## What you need to do
Apart from the images, repeat the data below exactly as written.

## Given data
# # # # #

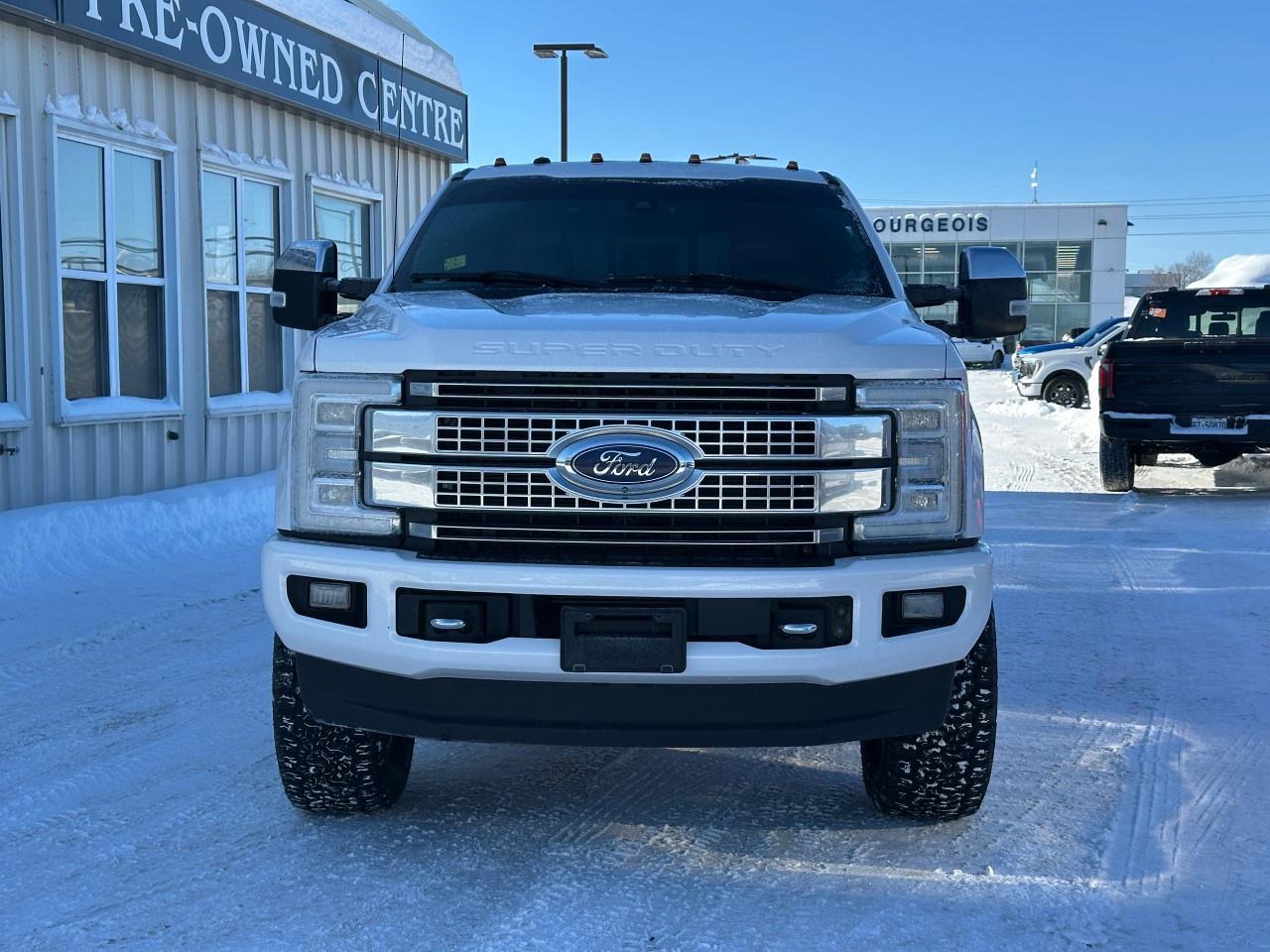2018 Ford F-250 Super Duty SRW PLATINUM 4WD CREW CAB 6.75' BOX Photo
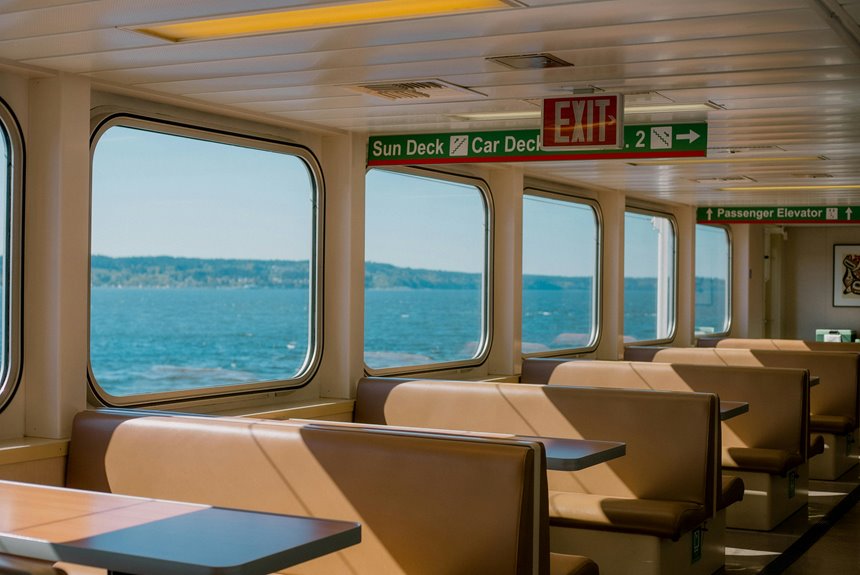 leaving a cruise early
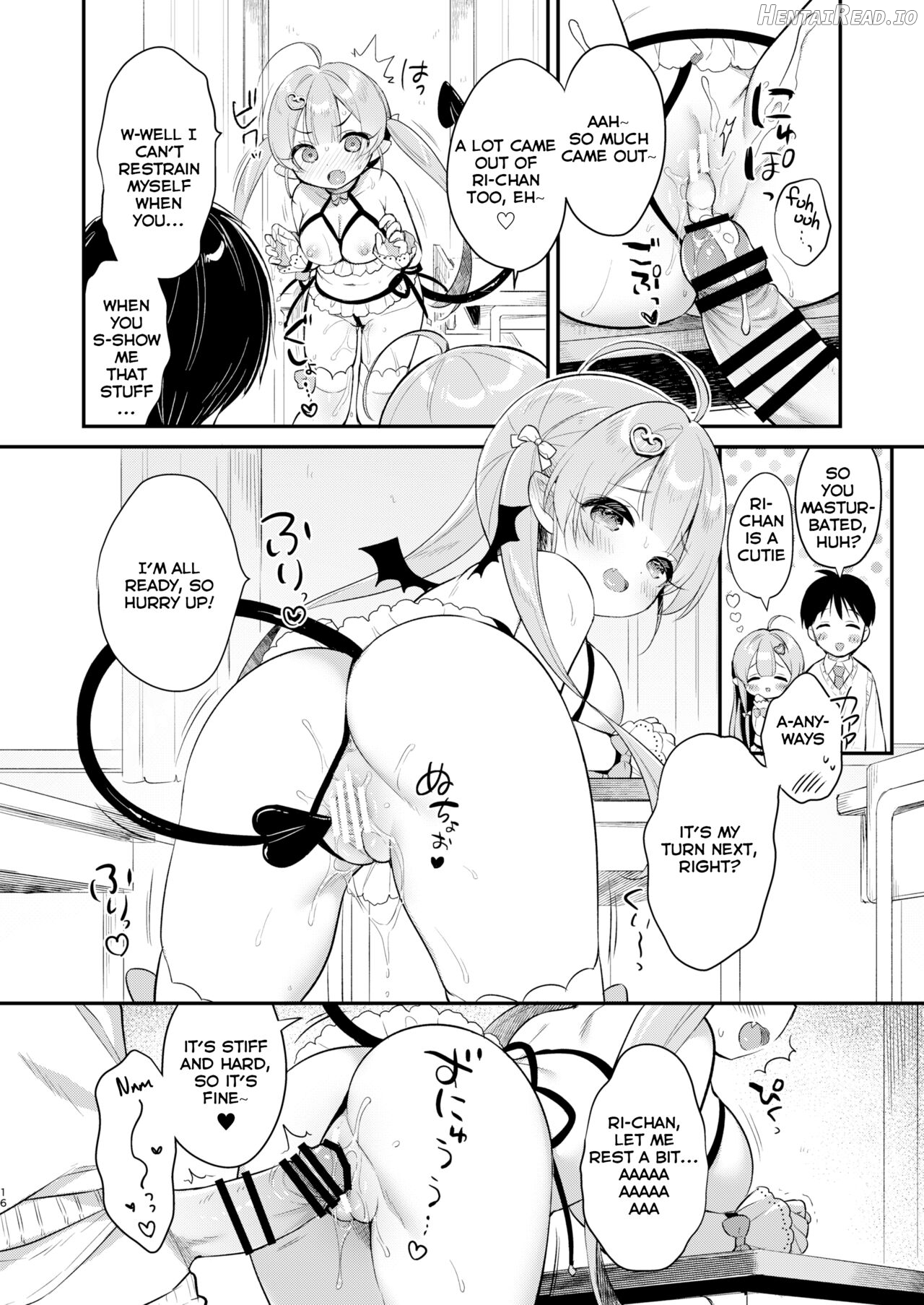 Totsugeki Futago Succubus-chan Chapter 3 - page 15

# # # # #

## Reply
2018 Ford F-250 Super Duty SRW PLATINUM 4WD CREW CAB 6.75' BOX Photo
 leaving a cruise early
 Totsugeki Futago Succubus-chan Chapter 3 - page 15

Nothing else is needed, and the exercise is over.